YOUR TASK:
Begin your transcription at the line containing "Luxury Golden Oval" and continue it, word for word, to the final line below. Include only those lines and skip the pictures.

DATASET CONTENT Start Marker

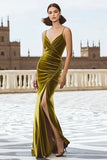 Olive Mermaid Velvet Long Holiday Party Dress with Slit
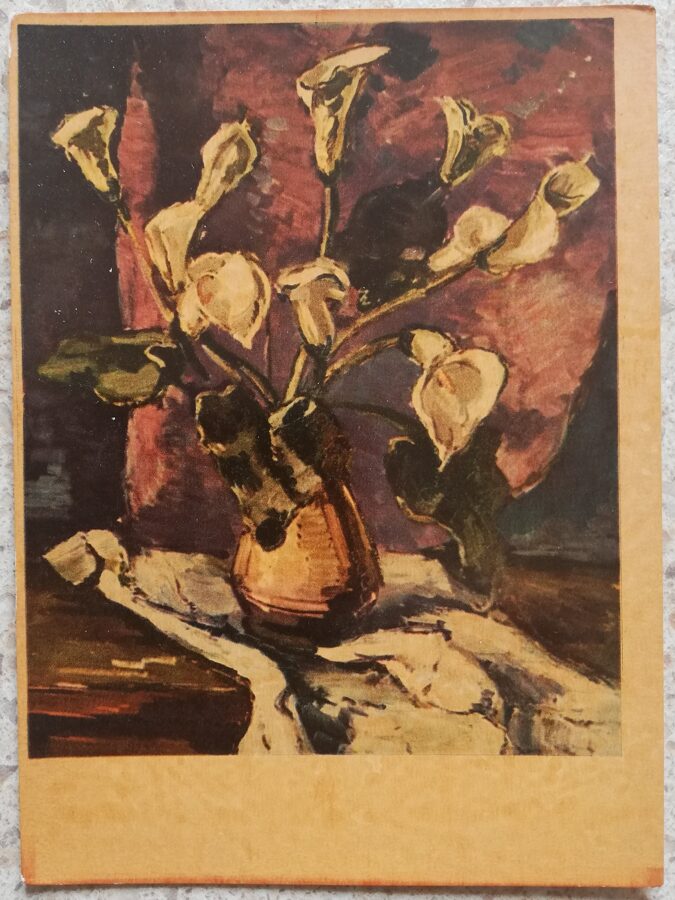 Ādolfs Melnars 1966 Kallas lilijas 10x14 cm mākslas pastkarte Klusā daba 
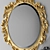 Luxury Golden Oval Wall Mirror 3D model small image 3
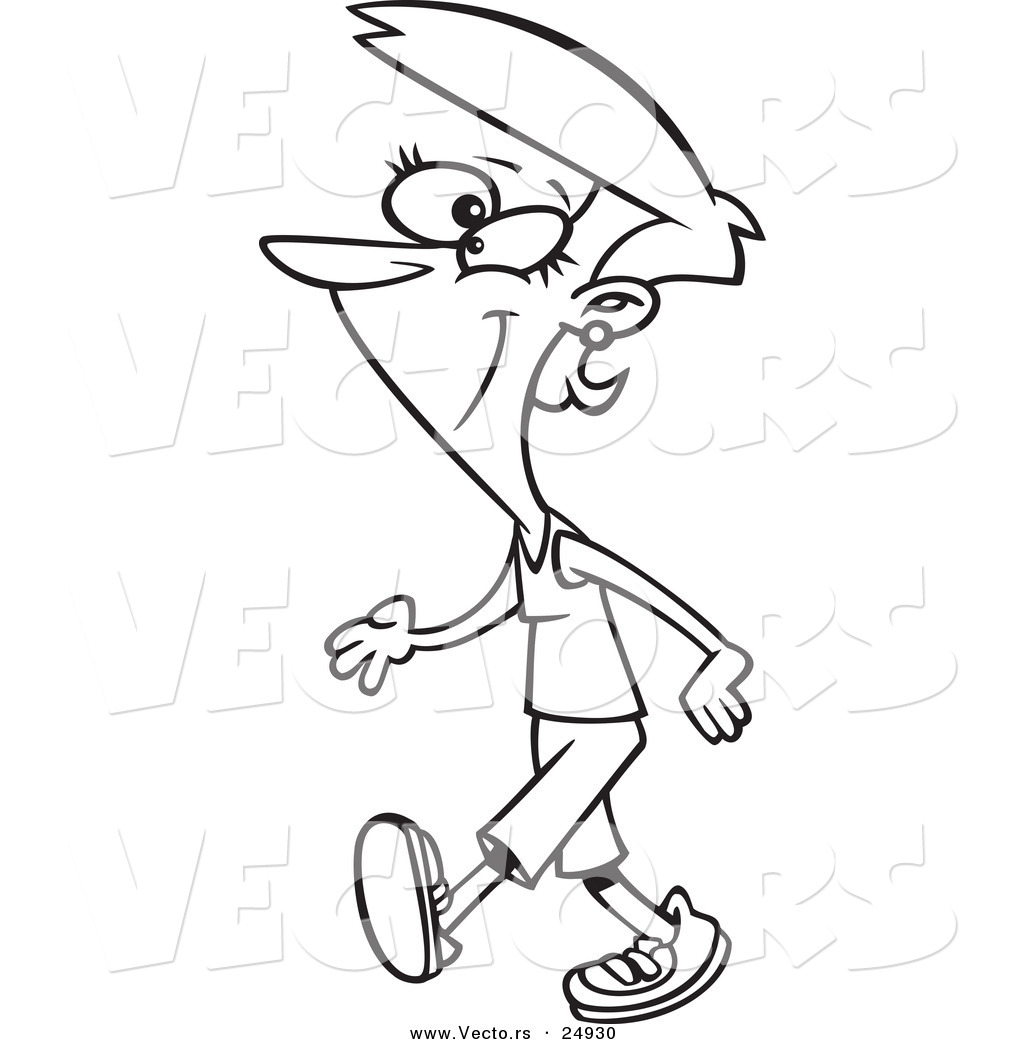 R of a cartoon pleasant woman walking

DATASET CONTENT End Marker

RESULT FOR THIS TASK:
 Luxury Golden Oval Wall Mirror 3D model small image 3
 R of a cartoon pleasant woman walking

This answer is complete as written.